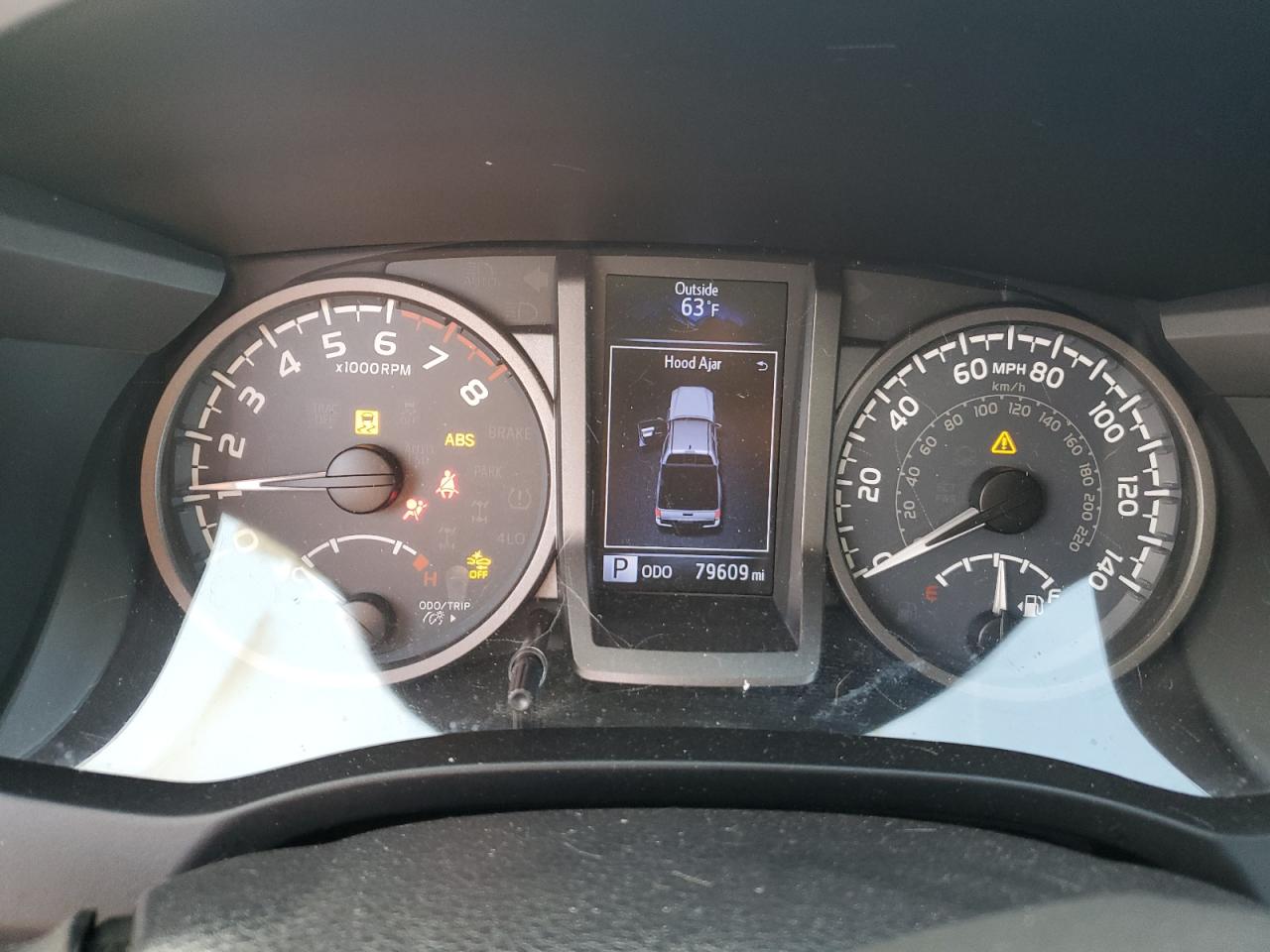 Toyota Tacoma Double Cab Image 10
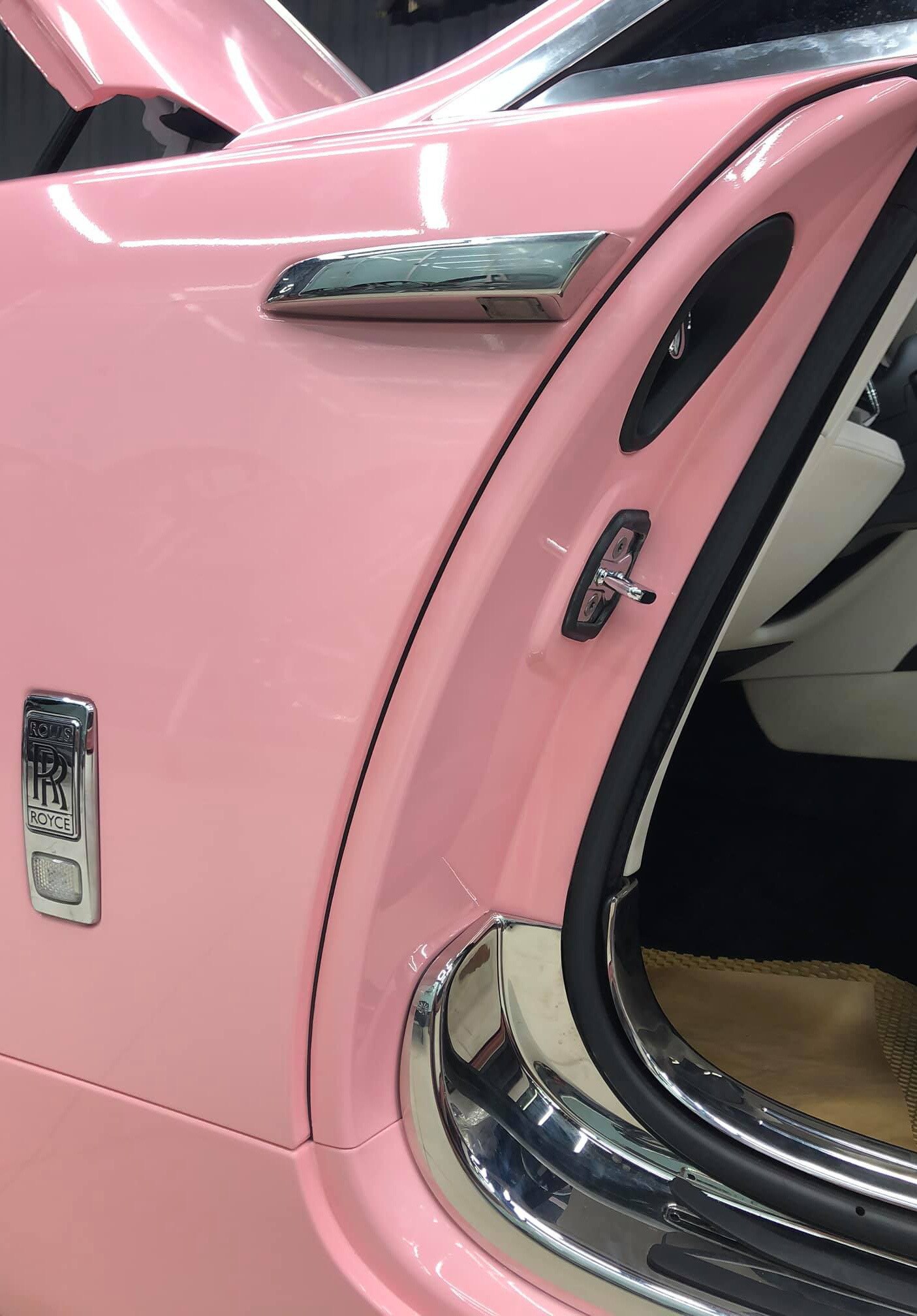 Chi phí dán Rolls-Royce Wraith chưa được tiết lộ nhưng với công dán tỉ mỉ cùng chất liệu cao cấp có thể ngốn tới cả chục triệu đồng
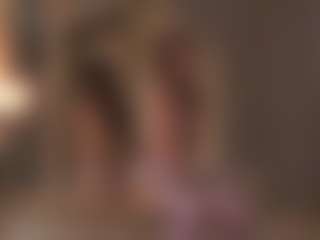 Live cam show with CarrieCapezzuto - Mature on Pornisteam.com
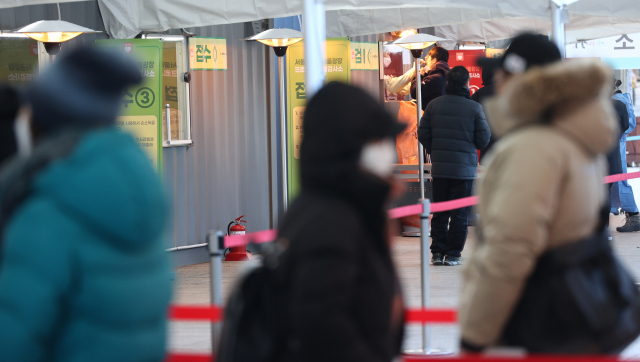 휴일인 19일 오전 서울 중구 시청 앞 서울광장에 마련된 임시 선별진료소에서 시민들이 검사를 받기 위해 줄을 서 있다. 이날 국내 신종 코로나바이러스 감염증 신규 확진자 1,053명이 발생했다. 연합뉴스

* WHAT THIS TASK INVOLVES
Hand back the data above exactly, leaving out all pictures.

* OUTPUT OF THE TASK
 Toyota Tacoma Double Cab Image 10
 Chi phí dán Rolls-Royce Wraith chưa được tiết lộ nhưng với công dán tỉ mỉ cùng chất liệu cao cấp có thể ngốn tới cả chục triệu đồng
 Live cam show with CarrieCapezzuto - Mature on Pornisteam.com
 휴일인 19일 오전 서울 중구 시청 앞 서울광장에 마련된 임시 선별진료소에서 시민들이 검사를 받기 위해 줄을 서 있다. 이날 국내 신종 코로나바이러스 감염증 신규 확진자 1,053명이 발생했다. 연합뉴스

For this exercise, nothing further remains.